Le président de l’UDC est le seul latin à la tête d’un parti national. Sa formation veut faire de la migration et de la neutralité les thèmes phares des prochaines élections fédérales

Marco Chiesa est président de l'UDC suisse depuis deux ans. — © Marco Zanoni / Lunax pour Le Temps
Marco Chiesa est président de l'UDC suisse depuis deux ans. — © Marco Zanoni / Lunax pour Le Temps

En cette année d'élections fédérales, Le Temps donne la parole aux présidents des six principaux partis nationaux, pour les confronter aux priorités de l'actualité.

Retrouvez, au fur et à mesure, toutes ces discussions.

Selon le dernier baromètre électoral de la SSR, l’UDC resterait largement le premier parti du pays avec 26,6% des suffrages. Conseiller aux Etats tessinois, Marco Chiesa préside cette formation depuis 2020.

Le Temps: La fin du Credit Suisse, est-ce la faillite de la place financière suisse?

Marco Chiesa: A mes yeux, c’est l’échec d’un modèle bancaire agressif, prêt à prendre des risques insensés à l’étranger. Ce n’est pas la culture suisse, ni celle de notre place financière.

L’ancien conseiller fédéral UDC Ueli Maurer, à la tête du Département des finances de 2016 à 2022, n’aurait-il pas dû réagir plus rapidement pour éviter une telle débâcle?

Le Credit Suisse a été coulé à cause de sa gestion avide et de ses choix à la fois risqués et erronés à l’étranger. La branche suisse, au contraire, est solide et fait des bénéfices. En 2013, l’UDC avait demandé une loi pour séparer les activités étrangères des activités suisses. Malheureusement, il a été sommairement répondu que les lois too big to fail étaient suffisantes pour éviter de nouvelles débâcles et notre proposition a été refusée par le Conseil des Etats.

Cette crise ne va-t-elle pas rebattre les cartes pour les élections fédérales?
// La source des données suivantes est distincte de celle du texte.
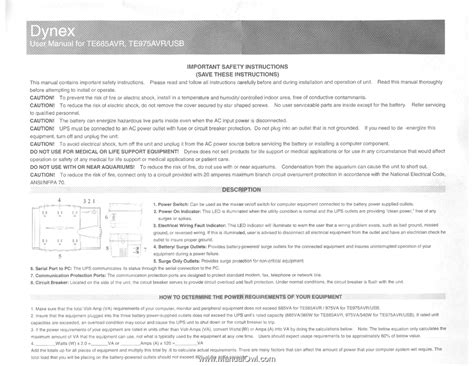 Dynex Products Com User Guide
Le rachat de Credit Suisse me préoccupe pour les emplois concernés et pour la position dominante d’UBS. Je consacre mon temps à résoudre des problèmes concrets et non à spéculer sur les possibles conséquences électorales. Il se passera encore beaucoup de choses d’ici au 22 octobre qui auront une influence sur les élections fédérales, alors je garde la tête froide.
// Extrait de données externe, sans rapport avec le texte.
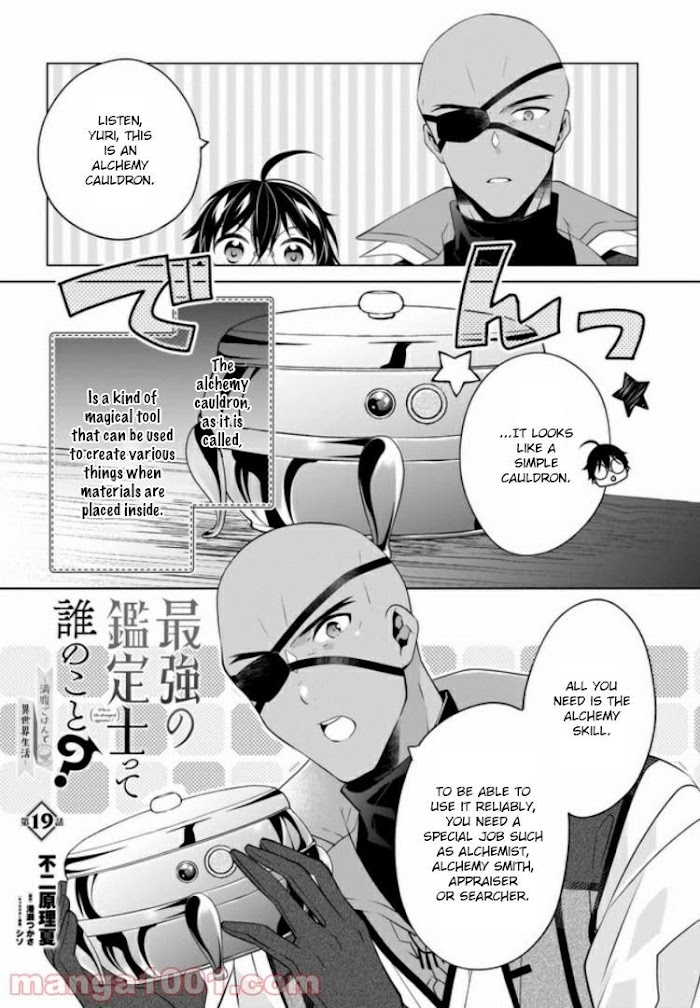 Saikyou no Kanteishi tte Dare no koto? ~Manpuku gohan de Isekai Seikatsu~ Chapter 19 page 2 -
Marco Chiesa à Berne, mars 2023. — © Marco Zanoni / Lunax pour Le Temps
Marco Chiesa à Berne, mars 2023. — © Marco Zanoni / Lunax pour Le Temps

Les sondages et les dernières élections à Zurich ou à Saint-Gall ont été favorables à votre parti, vous êtes confiant pour cet automne?

Je ne manque pas d’optimisme, et je suis loin d’ouvrir du champagne. Je me contente de prendre de l’Ovomaltine pour conserver la force et l’offrir à tous les membres du parti. Cela ne sert à rien d’être en tête dans les sondages, si cela ne se concrétise pas ensuite dans les urnes.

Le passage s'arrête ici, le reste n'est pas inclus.